A successful CMDB is:
- accurate enough to trust;
- scoped enough to manage;
- automated enough to sustain;
- governed enough to control;
- adopted enough to matter.
So next time someone asks:
“When will the CMDB be done?”
Answer:
“Right after the organization stops changing.”
BUT THERE IS LIGHT AT THE END OF THE TUNNEL!!!
Most CMDB’s are established as part of a bigger ServiceNow Implementation Program. Often, the “CMDB” is defined as a set of Program Deliverables. As long as it is understood that providing those deliverables alone does not provide a continuous business outcome, then you could say you are done when the following acceptance criteria are met:
- The CMDB contains relevant content that is properly maintained, preferably automated.
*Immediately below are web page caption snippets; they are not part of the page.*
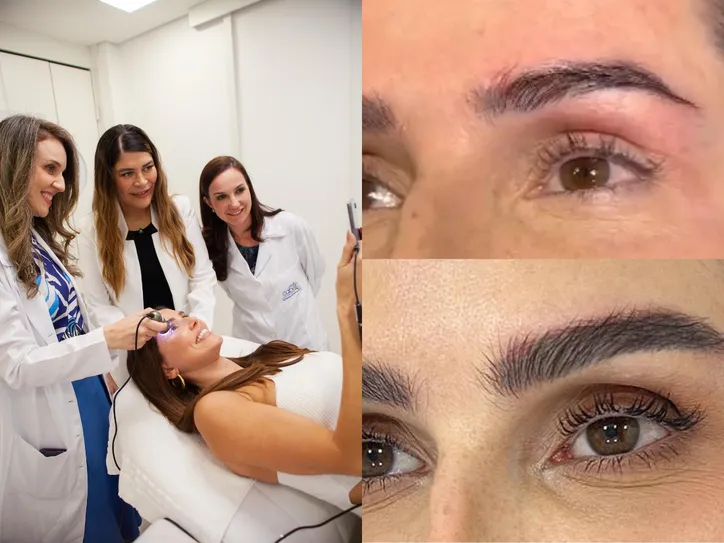 Deborah Secco exibe novo visual após transplante de sobrancelha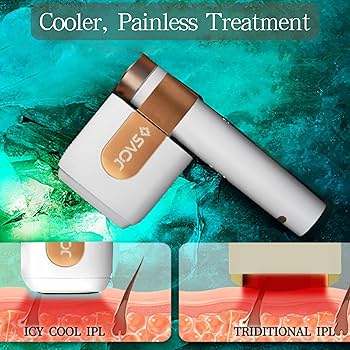 Amazon.com: JOVS Laser Hair Removal for Women and Men, Venus Pro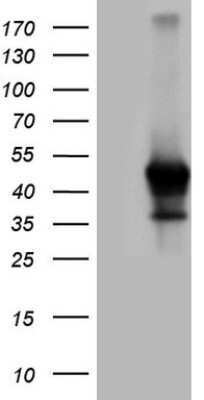 Western Blot: Rex-1/ZFP42 Antibody (3H9) [NBP2-46406] - Analysis of HEK293T cells were transfected with the pCMV6-ENTRY control (Left lane) or pCMV6-ENTRY ZFP42.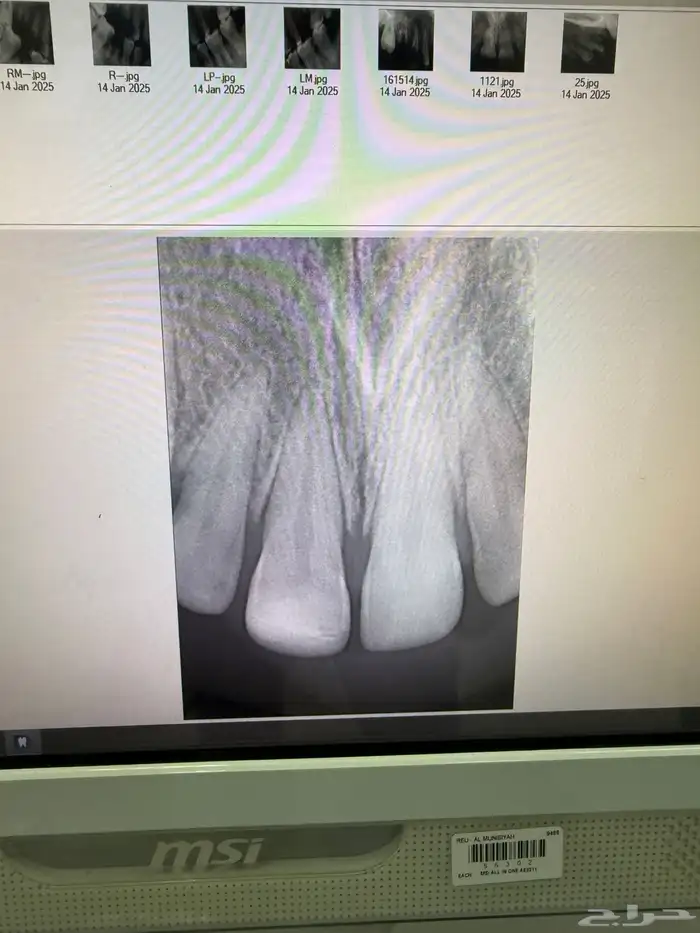 الرياض علاج اسنان مجاني 1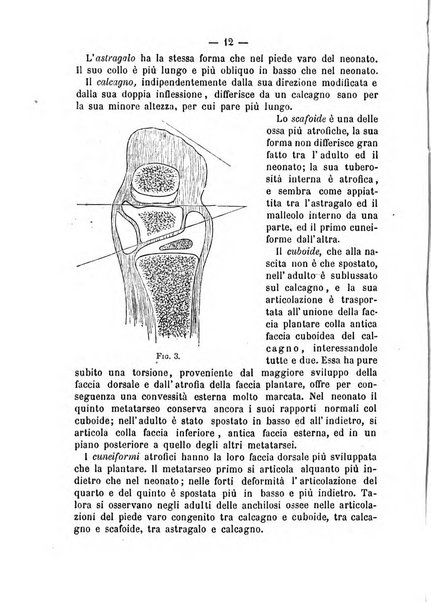 Archivio di ortopedia pubblicazione ufficiale del Pio istituto dei rachitici <1924-1950>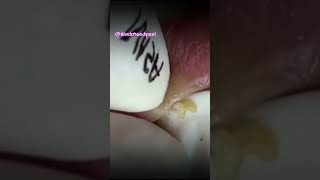 Relax Blackhead Removal 025  shorts   blackhead   acne  pimplesremoval  satisfying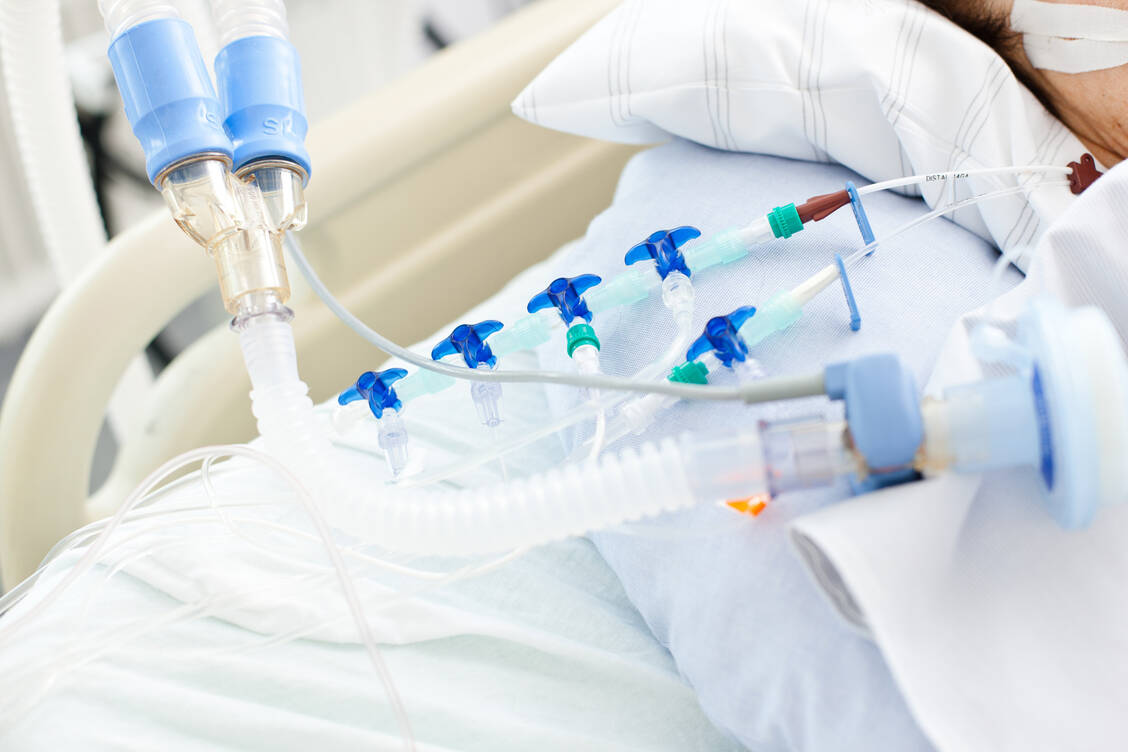 Covid-19-Patienten mit einer schweren akuten respiratorischer Erkrankung (SARI) müssen im Schnitt mehr als doppelt so lange beatmet werden wie Grippe-Patienten mit SARI. / Foto: Adobe Stock/CMP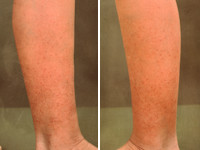 Hyperkeratosis lenticularis perstans (Flegel)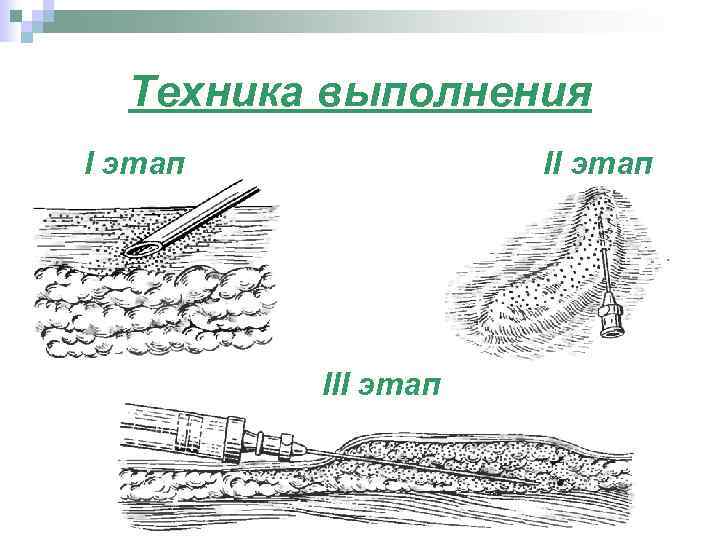 Техника выполнения I этап III этап 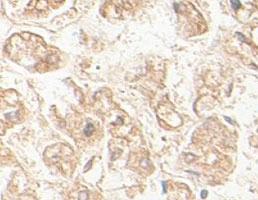 Anti-AGPS Rabbit Polyclonal Antibody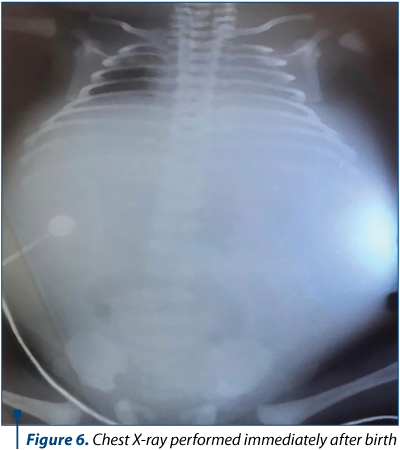Figure 6. Chest X-ray performed immediately after birth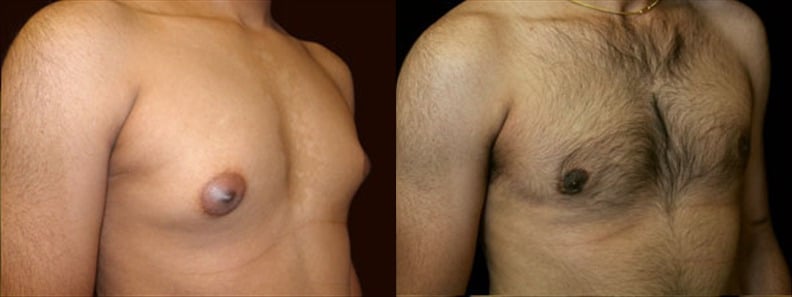 Gynecomastia Patient 15 Before & After Details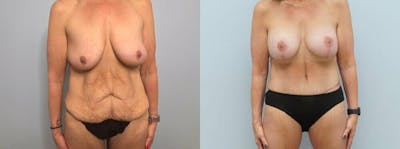Mommy Makeover Before & After Gallery - Patient 47253781 - Image 1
- The CMDB Items are all (in) directly related to an Instance of a Service that is offered.
- The Services that are offered and consumed are owned/supported, and their delivery commitments and their subscribers are defined
- Processes have been implemented, and role players have been appointed and trained to fulfill their duties.
- All incidents, problems, and changes are being related to affected services, offerings, instances, and configuration items.
- Undetectable items are federated from trusted sources or are maintained (as physical assets and/or logical portfolio items)
The CMDB should be able to provide (automated) responses to questions such as:
- Who and what may be impacted if (something in/on) this item breaks?
- If this subscriber faces issues with that offering, what could be broken?
- If this (version of this) product is no longer supported, how much of what do we need to replace/upgrade and who is impacted?
- Which others’ solutions interface with my solutions?
- Who should address this detected vulnerability on that item?
- How many licenses should I pay for?